What you will do:
With the pictures removed, retype the lines from the one holding "adidas Spodnie dresowe" through the end of the records, exactly as written.

Data in this exercise:
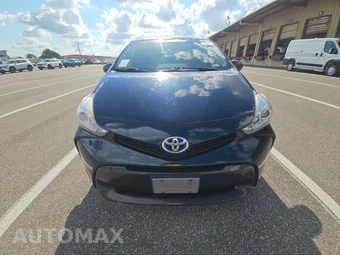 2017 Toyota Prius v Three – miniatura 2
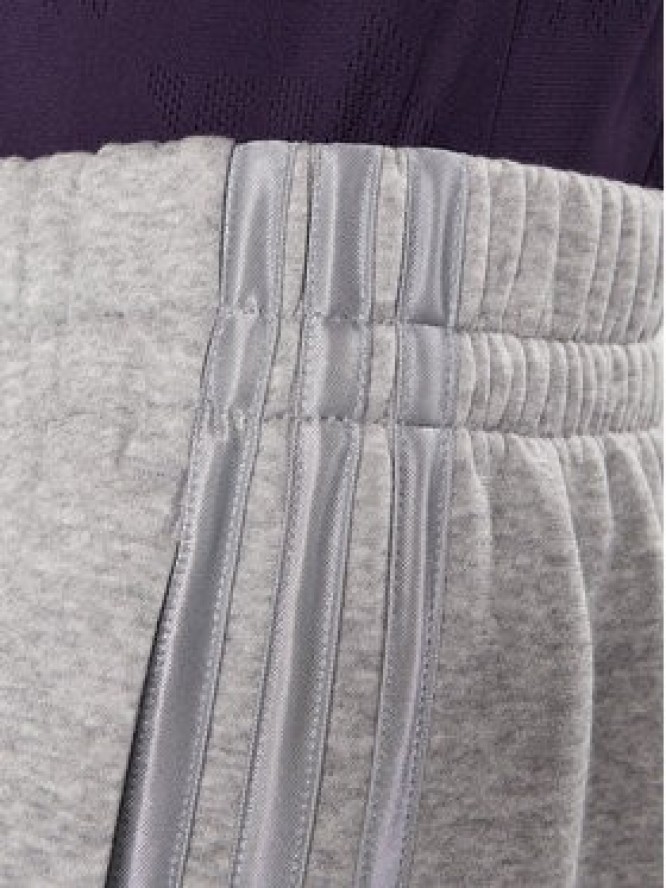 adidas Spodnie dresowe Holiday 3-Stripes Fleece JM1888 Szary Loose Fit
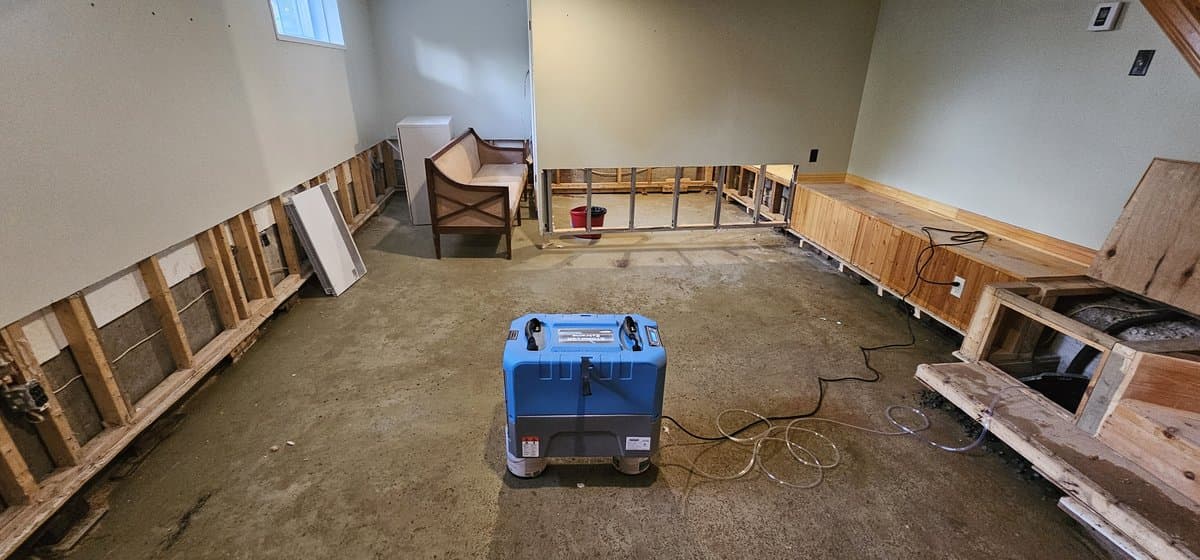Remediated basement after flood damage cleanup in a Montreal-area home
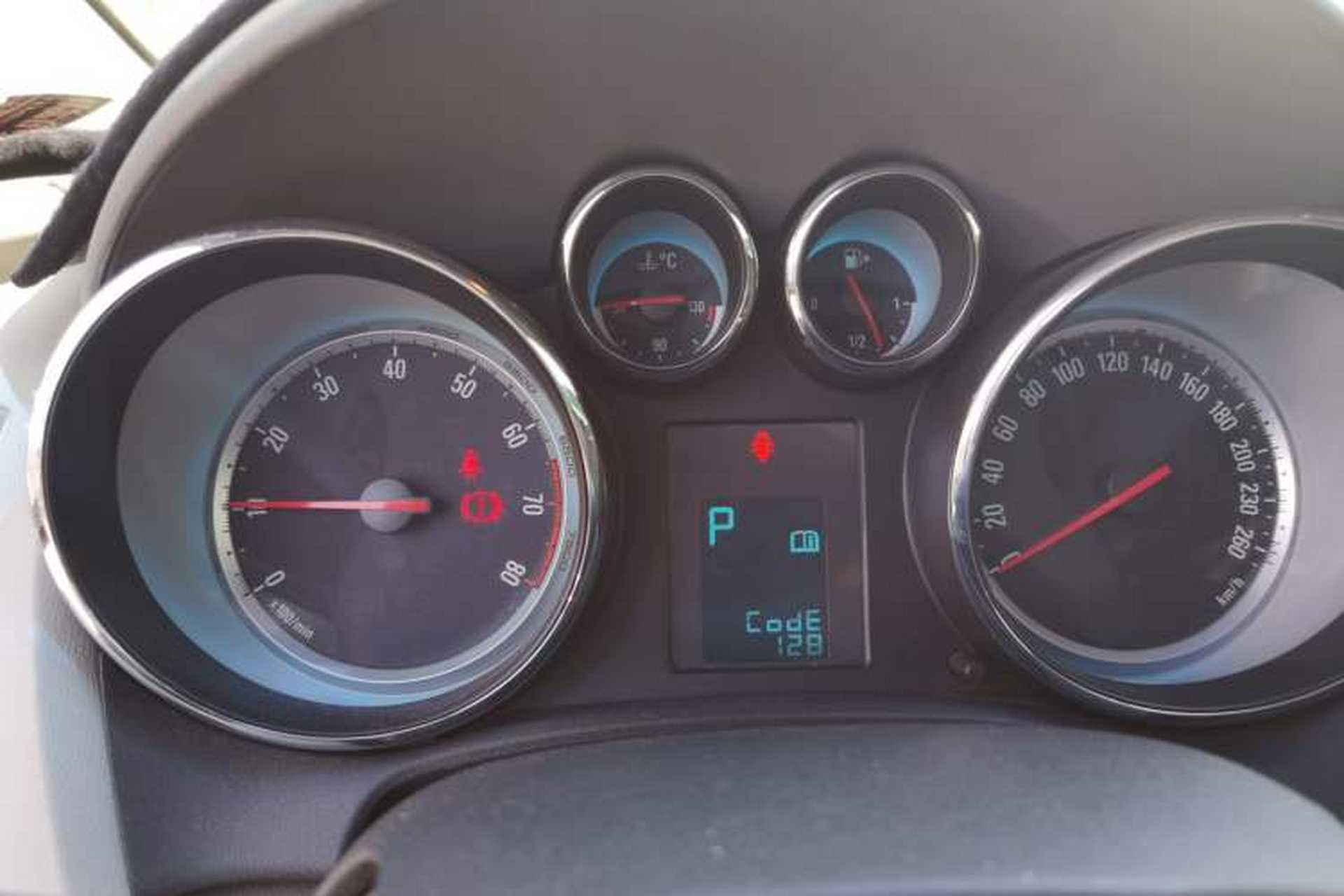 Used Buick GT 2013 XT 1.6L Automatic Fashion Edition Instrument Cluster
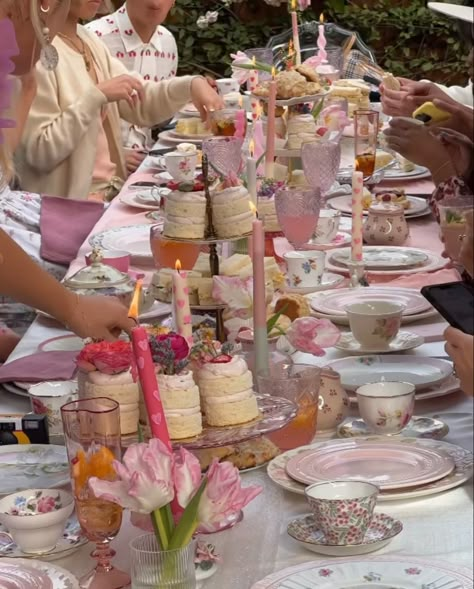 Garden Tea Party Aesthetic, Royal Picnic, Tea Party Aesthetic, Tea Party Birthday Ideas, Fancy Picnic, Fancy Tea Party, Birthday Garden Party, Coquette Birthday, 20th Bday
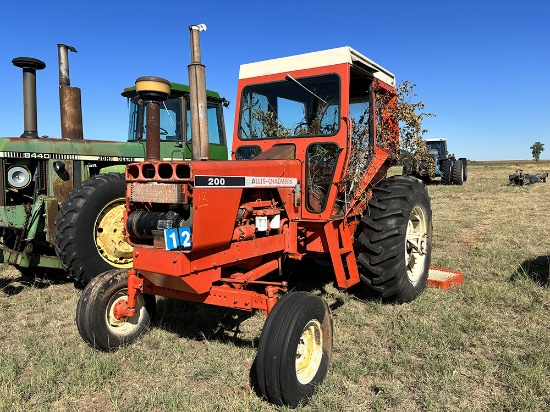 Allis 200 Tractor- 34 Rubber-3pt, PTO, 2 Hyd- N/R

Written solution:
 adidas Spodnie dresowe Holiday 3-Stripes Fleece JM1888 Szary Loose Fit
Remediated basement after flood damage cleanup in a Montreal-area home
 Used Buick GT 2013 XT 1.6L Automatic Fashion Edition Instrument Cluster
 Garden Tea Party Aesthetic, Royal Picnic, Tea Party Aesthetic, Tea Party Birthday Ideas, Fancy Picnic, Fancy Tea Party, Birthday Garden Party, Coquette Birthday, 20th Bday
 Allis 200 Tractor- 34 Rubber-3pt, PTO, 2 Hyd- N/R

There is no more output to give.